> _PROVIDED DATA_:
%%

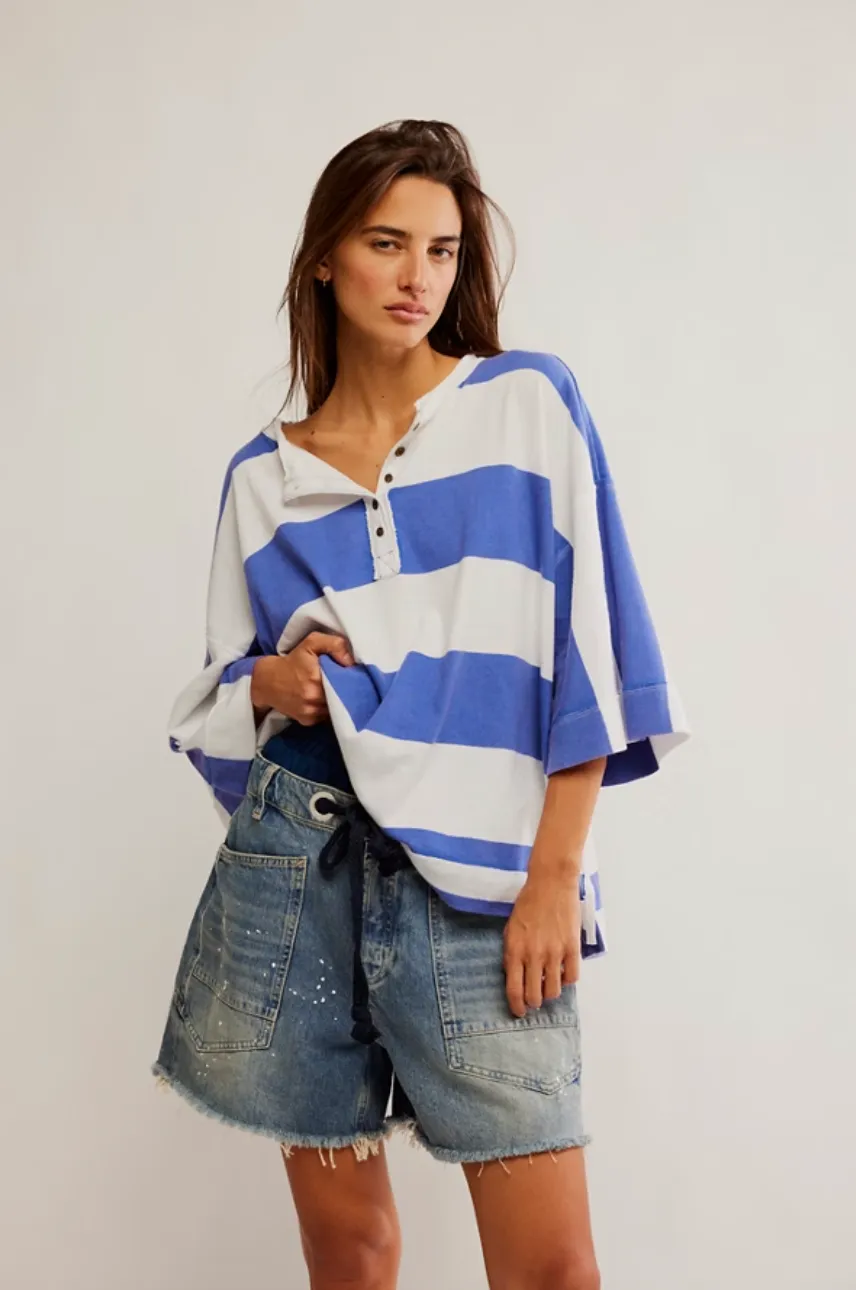 Free People Blue & White Stripe Wonderful Tee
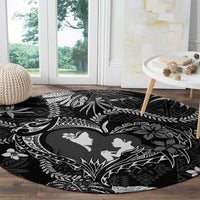 Hawaii Plumeria Round Carpet Hau'oli la Makuahine Monochrome LT7 - Polynesian Pride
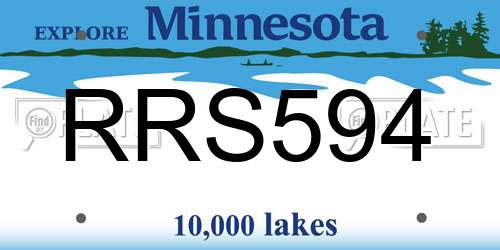 RRS594 Minnesota License Plate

%%

> _WORK REQUIRED_:
Skip the images and write out the rest of the listing exactly.

> _EXPECTED ANSWER_:
 Free People Blue & White Stripe Wonderful Tee
 Hawaii Plumeria Round Carpet Hau'oli la Makuahine Monochrome LT7 - Polynesian Pride
 RRS594 Minnesota License Plate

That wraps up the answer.